In “The Social Network,” Facebook founder Mark Zuckerberg is dressed down by his ex-girlfriend for his misogynistic comments about her on his blog.
“The internet isn’t written in pencil, Mark,” she says. “It’s written in ink.”
It’s an important idea – one that sometimes gets lost as we immerse ourselves in Facebook and Twitter and political blogs and all the rest of the digital footprints we leave around the web on a regular basis.
These footprints are easy to follow, especially for someone like your prospective employer, who has a vested interest in finding out as much about you as he possibly can.
One of my favorite examples: several years ago, a couple of extremely vile right-wing bloggers, Kim and Connie du Toit, were trying to set up a business developing software for homeschooling parents to track their children’s educational progress.

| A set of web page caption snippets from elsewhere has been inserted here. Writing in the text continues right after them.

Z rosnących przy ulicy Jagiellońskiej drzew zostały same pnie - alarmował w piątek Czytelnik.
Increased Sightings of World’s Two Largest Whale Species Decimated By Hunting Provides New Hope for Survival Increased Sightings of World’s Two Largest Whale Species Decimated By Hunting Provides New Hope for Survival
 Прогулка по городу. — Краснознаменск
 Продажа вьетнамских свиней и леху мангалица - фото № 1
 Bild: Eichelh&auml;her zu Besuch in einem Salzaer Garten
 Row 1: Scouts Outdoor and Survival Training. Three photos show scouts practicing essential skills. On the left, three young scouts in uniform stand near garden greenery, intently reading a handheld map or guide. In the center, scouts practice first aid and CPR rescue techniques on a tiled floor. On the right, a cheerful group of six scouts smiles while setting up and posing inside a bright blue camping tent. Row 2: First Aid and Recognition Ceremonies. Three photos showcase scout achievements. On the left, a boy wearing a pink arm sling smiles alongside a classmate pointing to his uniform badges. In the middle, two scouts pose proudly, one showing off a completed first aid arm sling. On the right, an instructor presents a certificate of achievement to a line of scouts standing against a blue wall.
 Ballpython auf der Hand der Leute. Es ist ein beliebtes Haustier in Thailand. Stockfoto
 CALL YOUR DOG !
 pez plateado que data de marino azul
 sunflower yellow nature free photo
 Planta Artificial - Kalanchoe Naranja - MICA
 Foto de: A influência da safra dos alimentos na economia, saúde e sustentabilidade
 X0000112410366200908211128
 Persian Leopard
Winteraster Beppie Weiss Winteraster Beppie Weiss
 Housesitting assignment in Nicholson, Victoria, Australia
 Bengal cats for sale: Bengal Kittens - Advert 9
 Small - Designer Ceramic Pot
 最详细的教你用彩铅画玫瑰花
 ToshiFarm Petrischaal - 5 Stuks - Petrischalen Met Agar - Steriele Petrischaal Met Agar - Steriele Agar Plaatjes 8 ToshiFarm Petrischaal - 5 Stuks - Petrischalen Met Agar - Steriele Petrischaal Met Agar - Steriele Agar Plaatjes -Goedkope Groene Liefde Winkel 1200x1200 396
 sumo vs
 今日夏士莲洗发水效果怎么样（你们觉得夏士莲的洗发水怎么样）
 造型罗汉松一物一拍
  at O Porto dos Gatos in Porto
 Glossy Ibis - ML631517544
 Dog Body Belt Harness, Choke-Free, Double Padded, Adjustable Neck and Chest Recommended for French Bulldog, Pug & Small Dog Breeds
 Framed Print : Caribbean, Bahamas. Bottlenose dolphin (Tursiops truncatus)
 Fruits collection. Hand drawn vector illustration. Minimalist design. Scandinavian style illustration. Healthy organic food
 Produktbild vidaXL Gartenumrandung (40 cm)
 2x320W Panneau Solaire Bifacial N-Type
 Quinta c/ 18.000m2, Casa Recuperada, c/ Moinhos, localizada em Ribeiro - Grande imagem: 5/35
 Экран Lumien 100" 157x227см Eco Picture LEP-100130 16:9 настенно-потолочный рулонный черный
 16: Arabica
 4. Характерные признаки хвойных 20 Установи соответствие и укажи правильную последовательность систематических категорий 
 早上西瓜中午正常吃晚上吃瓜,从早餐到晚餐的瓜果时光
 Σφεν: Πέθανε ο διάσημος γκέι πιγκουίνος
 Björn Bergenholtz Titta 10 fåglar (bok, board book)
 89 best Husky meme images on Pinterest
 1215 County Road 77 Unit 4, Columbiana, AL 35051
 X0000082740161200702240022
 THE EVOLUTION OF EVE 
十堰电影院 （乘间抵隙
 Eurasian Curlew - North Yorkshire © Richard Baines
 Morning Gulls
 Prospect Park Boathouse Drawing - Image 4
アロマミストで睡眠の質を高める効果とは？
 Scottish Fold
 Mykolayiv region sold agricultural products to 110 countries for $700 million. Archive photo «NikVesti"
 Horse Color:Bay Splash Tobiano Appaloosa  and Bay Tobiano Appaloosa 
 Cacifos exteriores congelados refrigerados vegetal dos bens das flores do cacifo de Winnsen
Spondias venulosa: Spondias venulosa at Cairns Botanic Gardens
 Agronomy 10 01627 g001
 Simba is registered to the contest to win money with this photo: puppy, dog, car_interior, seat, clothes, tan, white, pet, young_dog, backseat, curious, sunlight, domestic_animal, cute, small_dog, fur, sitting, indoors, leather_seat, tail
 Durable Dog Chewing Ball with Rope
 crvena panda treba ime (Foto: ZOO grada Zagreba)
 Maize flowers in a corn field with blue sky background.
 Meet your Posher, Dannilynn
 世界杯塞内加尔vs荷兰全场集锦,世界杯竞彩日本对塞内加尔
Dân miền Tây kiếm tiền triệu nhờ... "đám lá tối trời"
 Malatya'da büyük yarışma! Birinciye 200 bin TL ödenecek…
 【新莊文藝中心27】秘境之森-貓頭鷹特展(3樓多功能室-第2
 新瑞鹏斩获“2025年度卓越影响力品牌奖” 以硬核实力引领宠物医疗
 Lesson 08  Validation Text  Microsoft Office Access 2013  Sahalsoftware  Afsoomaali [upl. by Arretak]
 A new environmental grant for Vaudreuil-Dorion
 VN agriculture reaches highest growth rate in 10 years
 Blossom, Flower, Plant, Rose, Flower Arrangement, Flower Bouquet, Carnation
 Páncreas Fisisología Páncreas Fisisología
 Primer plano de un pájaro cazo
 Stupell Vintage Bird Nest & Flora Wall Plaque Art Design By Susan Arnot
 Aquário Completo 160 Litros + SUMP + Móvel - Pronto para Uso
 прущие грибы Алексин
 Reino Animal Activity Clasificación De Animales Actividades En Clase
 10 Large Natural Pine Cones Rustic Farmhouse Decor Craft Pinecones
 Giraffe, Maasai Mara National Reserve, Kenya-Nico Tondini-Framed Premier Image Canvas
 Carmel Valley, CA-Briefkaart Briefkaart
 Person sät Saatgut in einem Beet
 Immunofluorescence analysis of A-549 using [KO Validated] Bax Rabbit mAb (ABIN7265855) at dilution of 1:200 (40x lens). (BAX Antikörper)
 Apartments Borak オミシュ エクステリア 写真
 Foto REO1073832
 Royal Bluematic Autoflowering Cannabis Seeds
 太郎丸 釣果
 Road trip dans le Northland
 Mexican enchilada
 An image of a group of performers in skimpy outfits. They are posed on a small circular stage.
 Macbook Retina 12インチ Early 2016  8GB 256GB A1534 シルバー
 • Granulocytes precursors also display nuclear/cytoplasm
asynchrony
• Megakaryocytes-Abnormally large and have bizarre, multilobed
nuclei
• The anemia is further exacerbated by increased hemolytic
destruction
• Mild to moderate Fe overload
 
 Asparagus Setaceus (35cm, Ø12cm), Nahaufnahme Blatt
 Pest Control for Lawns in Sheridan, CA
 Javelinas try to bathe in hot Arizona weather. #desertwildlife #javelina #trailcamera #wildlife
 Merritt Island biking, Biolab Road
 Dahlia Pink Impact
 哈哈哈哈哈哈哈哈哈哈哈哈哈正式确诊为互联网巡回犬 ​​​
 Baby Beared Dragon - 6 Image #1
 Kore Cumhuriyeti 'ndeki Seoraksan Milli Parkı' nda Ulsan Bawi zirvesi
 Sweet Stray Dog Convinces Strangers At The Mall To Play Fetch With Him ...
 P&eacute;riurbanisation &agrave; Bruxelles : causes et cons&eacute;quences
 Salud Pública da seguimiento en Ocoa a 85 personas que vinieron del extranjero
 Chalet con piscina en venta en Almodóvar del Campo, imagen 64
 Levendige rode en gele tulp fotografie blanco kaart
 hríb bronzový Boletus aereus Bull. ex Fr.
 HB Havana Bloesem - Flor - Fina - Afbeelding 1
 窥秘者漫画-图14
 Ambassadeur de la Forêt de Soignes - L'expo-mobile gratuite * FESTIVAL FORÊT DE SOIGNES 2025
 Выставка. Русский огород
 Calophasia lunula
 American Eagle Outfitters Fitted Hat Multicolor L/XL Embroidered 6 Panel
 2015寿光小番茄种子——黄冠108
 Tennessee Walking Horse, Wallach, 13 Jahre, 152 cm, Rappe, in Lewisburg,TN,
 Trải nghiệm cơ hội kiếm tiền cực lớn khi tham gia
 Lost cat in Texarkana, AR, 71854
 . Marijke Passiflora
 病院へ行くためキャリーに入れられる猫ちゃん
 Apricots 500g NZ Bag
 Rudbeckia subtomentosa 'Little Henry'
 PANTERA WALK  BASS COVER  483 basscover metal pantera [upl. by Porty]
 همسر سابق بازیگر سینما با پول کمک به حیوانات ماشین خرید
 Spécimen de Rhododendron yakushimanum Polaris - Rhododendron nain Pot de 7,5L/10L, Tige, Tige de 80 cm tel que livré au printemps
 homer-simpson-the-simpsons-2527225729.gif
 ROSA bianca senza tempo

Good idea, but even they didn’t expect that their online output (which included calls for turning Mecca into a glass parking lot and the lynching of their political enemies) would be a problem in a seemingly unrelated field.
But when potential investors read their blogs, the investors (understandably) ran scared.
Now I’m guessing that your Facebook output probably doesn’t include calls for mass murder of Muslims. But it’s important to remember that the impression you make on an employer extends far beyond your carefully-crafted resume and cover letter.
You can spend a lot of time and energy doing things like researching the black arts of Facebook privacy settings. But another way to go would be to consider, every time you leave a footprint online – is this something you wouldn’t mind your mother reading about you? How about your boss? How about Anderson Cooper?